▶ Work instruction
Omitting every picture, copy the lines from the one that contains "修水县何市镇小天使幼儿园的地址在哪" through the last line of the records below, exactly and with nothing added.

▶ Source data
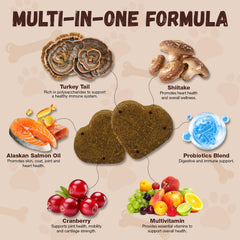 Petrivium tableau des ingrédients et probiotiques pour soutien intestinal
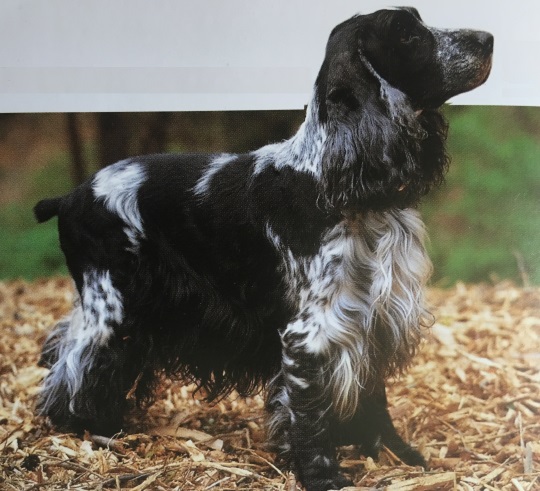 Caracteristicas Raza Cocker Ingles (Ccocker Spaniel)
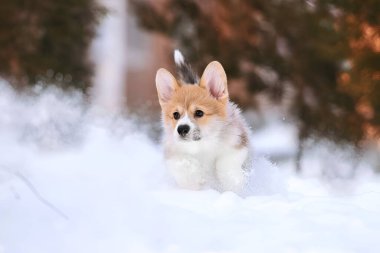  Kış manzarasında karda koşan enerjik bir Pembroke Galli Corgi yavrusu. Hareket eden hareket, etrafta uçuşan kar ve yavru köpeğin yüzündeki neşe..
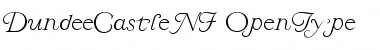 Download Dundee Castle NF Regular Font Title Preview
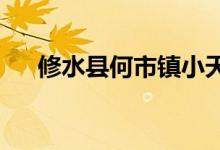 修水县何市镇小天使幼儿园的地址在哪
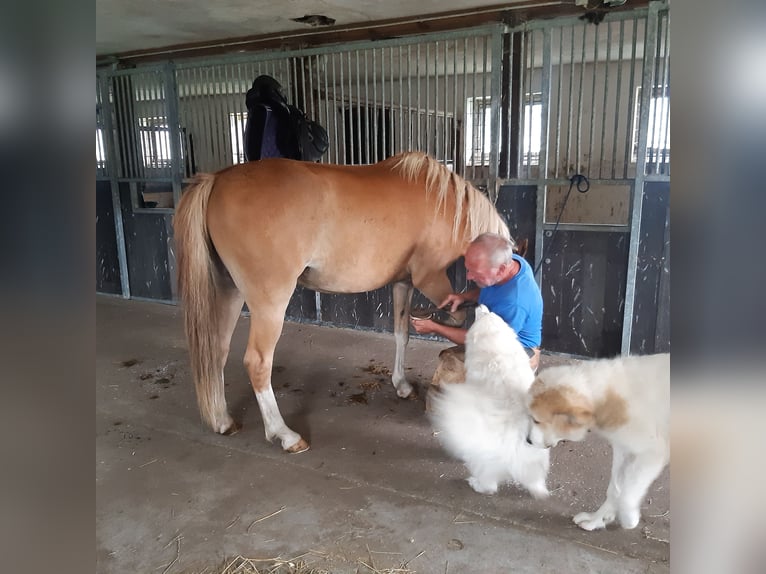 Welsh C (of Cob Type) Gelding 3 years 13,2 hh Chestnut-Red in Schollene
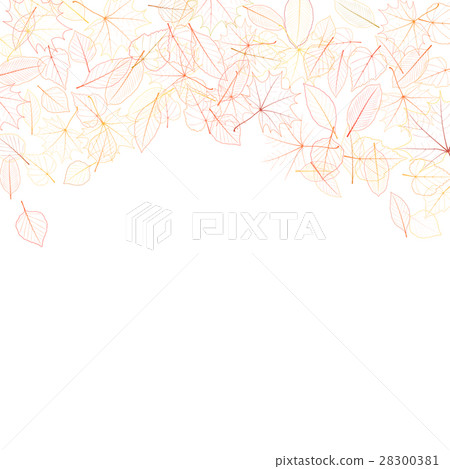 Autumn leaves on white background. plus EPS10 28300381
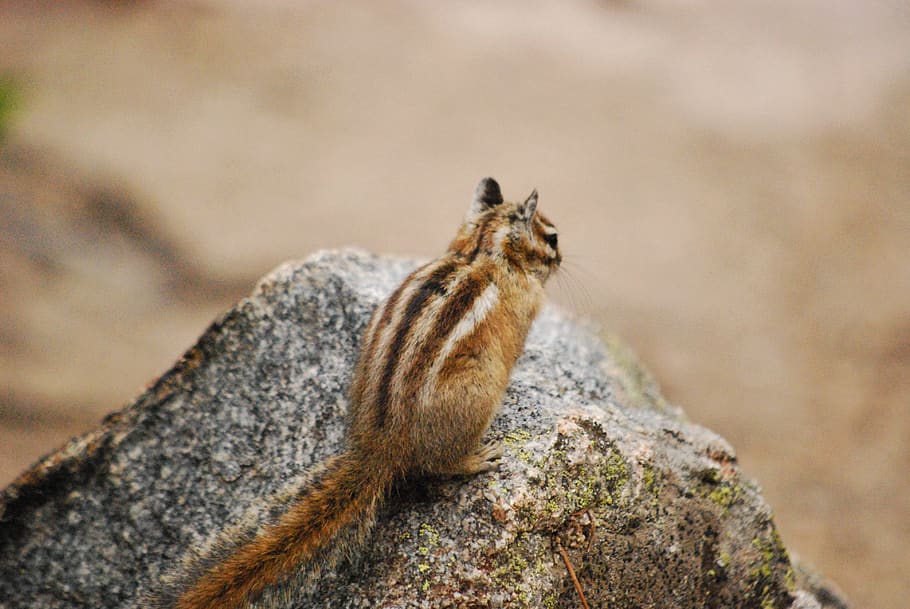 brown squirrel on rock, animal, rodent, mammal, cat, pet, food HD wallpaper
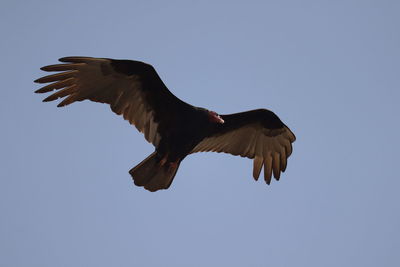 Low angle view of eagle flying against clear sky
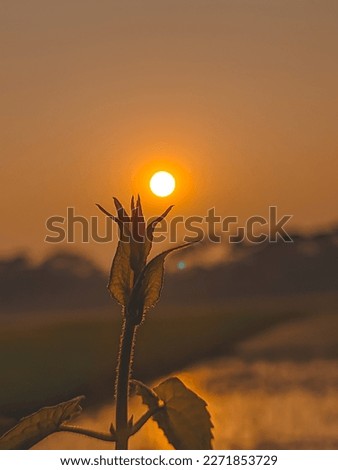 Sunset moments are a time for homilies, to be at peace with nature. When the body is relaxed, it can physically recharge and reawaken intuition. When the soul is relaxed, it can be refreshed. Royalty-Free Stock Photo #2271853729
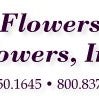 FlowersFlowers Inc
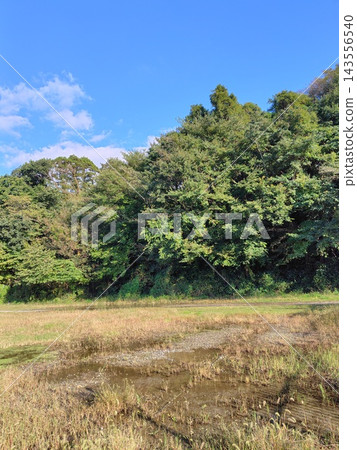Autumn grasslands and wetlands Autumn grasslands and wetlands 143556540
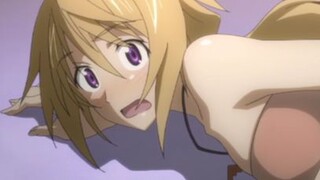 Infinite Stratos_Vol.4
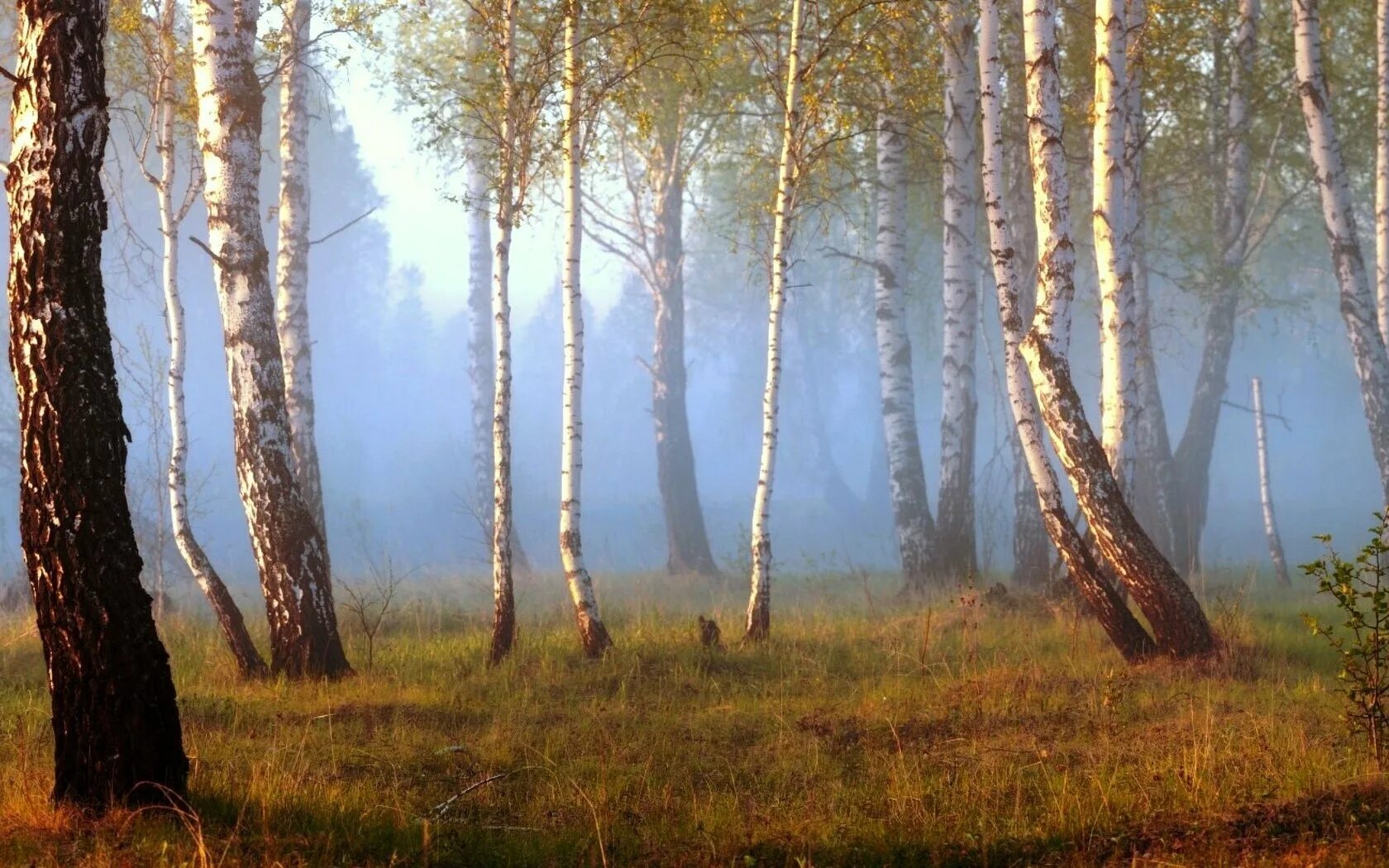 Хилые березки. Токсово березовая роща. Киалимское болото таганай. Берёзовая роща сосновый бор. Хилые березки.
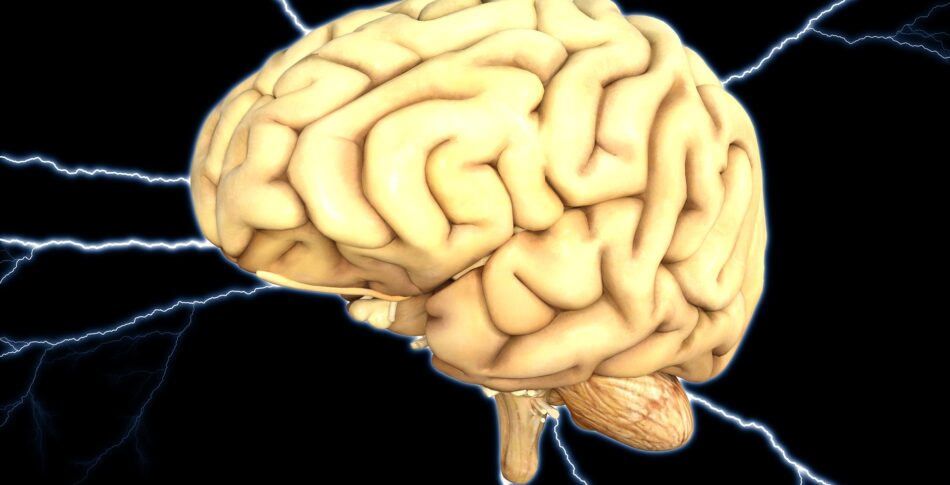 Hjärnfysikbloggen – Löpning är en mental reningsprocess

▶ Written solution
 修水县何市镇小天使幼儿园的地址在哪
 Welsh C (of Cob Type) Gelding 3 years 13,2 hh Chestnut-Red in Schollene
 Autumn leaves on white background. plus EPS10 28300381
 brown squirrel on rock, animal, rodent, mammal, cat, pet, food HD wallpaper
 Low angle view of eagle flying against clear sky
 Sunset moments are a time for homilies, to be at peace with nature. When the body is relaxed, it can physically recharge and reawaken intuition. When the soul is relaxed, it can be refreshed. Royalty-Free Stock Photo #2271853729
 FlowersFlowers Inc
Autumn grasslands and wetlands Autumn grasslands and wetlands 143556540
 Infinite Stratos_Vol.4
 Хилые березки. Токсово березовая роща. Киалимское болото таганай. Берёзовая роща сосновый бор. Хилые березки.
 Hjärnfysikbloggen – Löpning är en mental reningsprocess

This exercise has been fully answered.